The Making of a Hitchcock Classic

by Dan Auiler

Pub Date: June 1st, 1998
ISBN: 0-312-16915-9
Publisher: St. Martin's

A yeomanlike study of one of the few deserving films not yet granted an entire book. Carefully and thoroughly (and with the cooperation of Hitchcock’s daughter), film collector Auiler’s first book traces Vertigo to its start as a pesky alternative to another Hitchcock plan for a more studio-agreeable extravaganza called Flamingo Feather. Auiler then details Hitchcock’s interest in the authors of Vertigo’s novel source (their first novel became Les Diaboliques) and reports the screenwriting process, spanning playwright Maxwell Anderson, Angus MacPhail, and credited authors Alec Coppel and Samuel Taylor. The book brims with behind-the-scenes material, all presented matter-of-factly. Unintoxicating (and pregnant) Vera Miles was replaced by “heat”-carrying Kim Novak, who attracted problematic paramours Sammy Davis Jr. and Rafael Trujillo Jr. and who said she understood her character Madeleine/Judy’s desire to be loved. Jimmy Stewart was a pro and an avuncular counselor to Novak; Hitchcock did shoot efficiently, except for the troubling post-rescue encounter. The film’s crew considered Vertigo “just another Hitchcock project,” and on release, the movie was generally praised but panned by Time as “another Hitchcock and bull story.” And maybe the movie showed that Hitchcock never recovered from losing Grace Kelly to Monaco.
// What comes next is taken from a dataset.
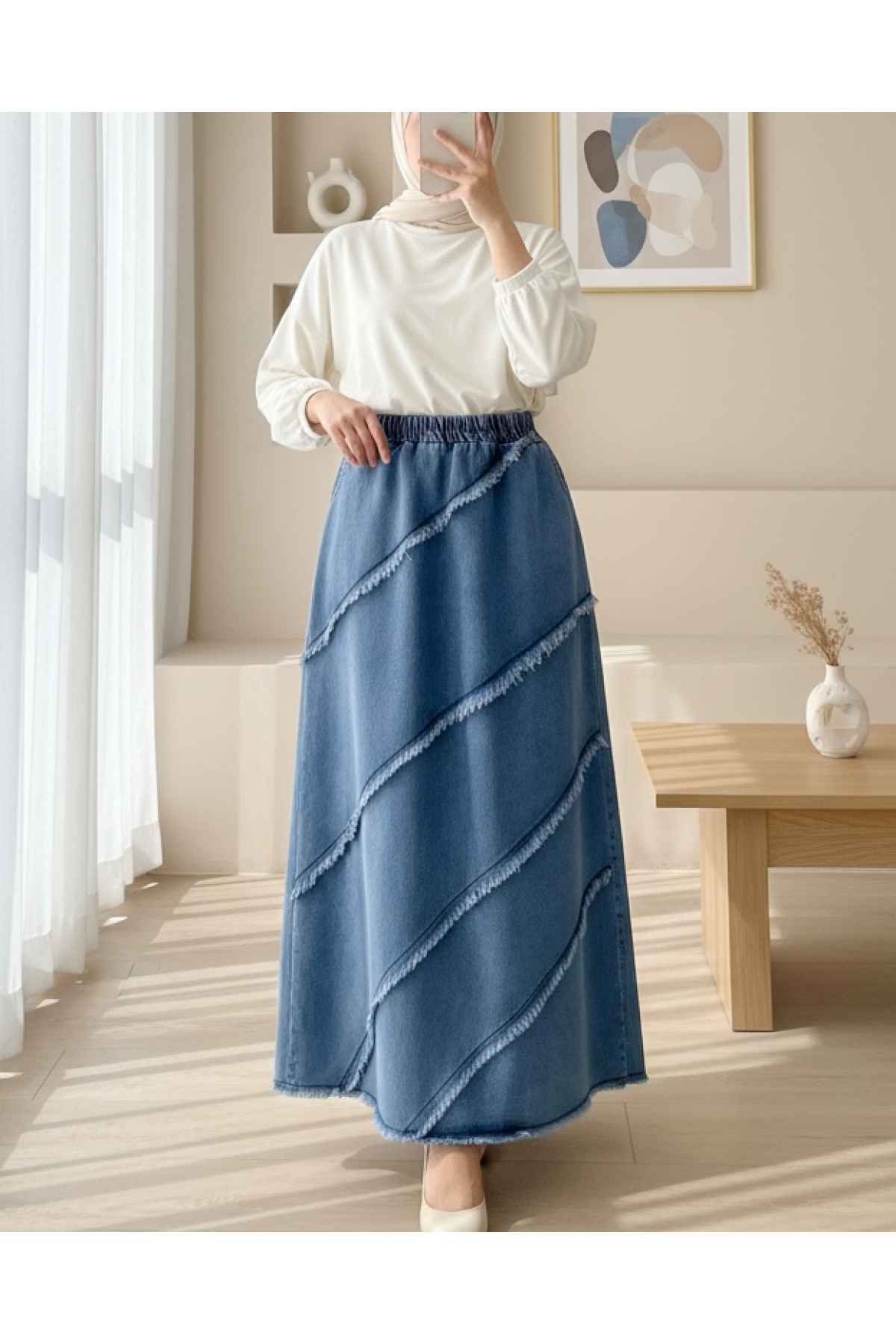 Elastic Waist Denim Skirt with Tassel Detail -İndigo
Yet even more interesting is the author’s noting how Vertigo has grown in stature over the past 40 years, through a survey of Hitchcock scholarship, interviews with those involved in its restoration for 1996 rerelease, and speculation that it reveals a “longing for what we can never have again.” This book assumes the film’s worth and through well-researched explication of its subtleties leads even skeptics to understand it, too. (50 b&w photos, 8 pages color photos, not seen)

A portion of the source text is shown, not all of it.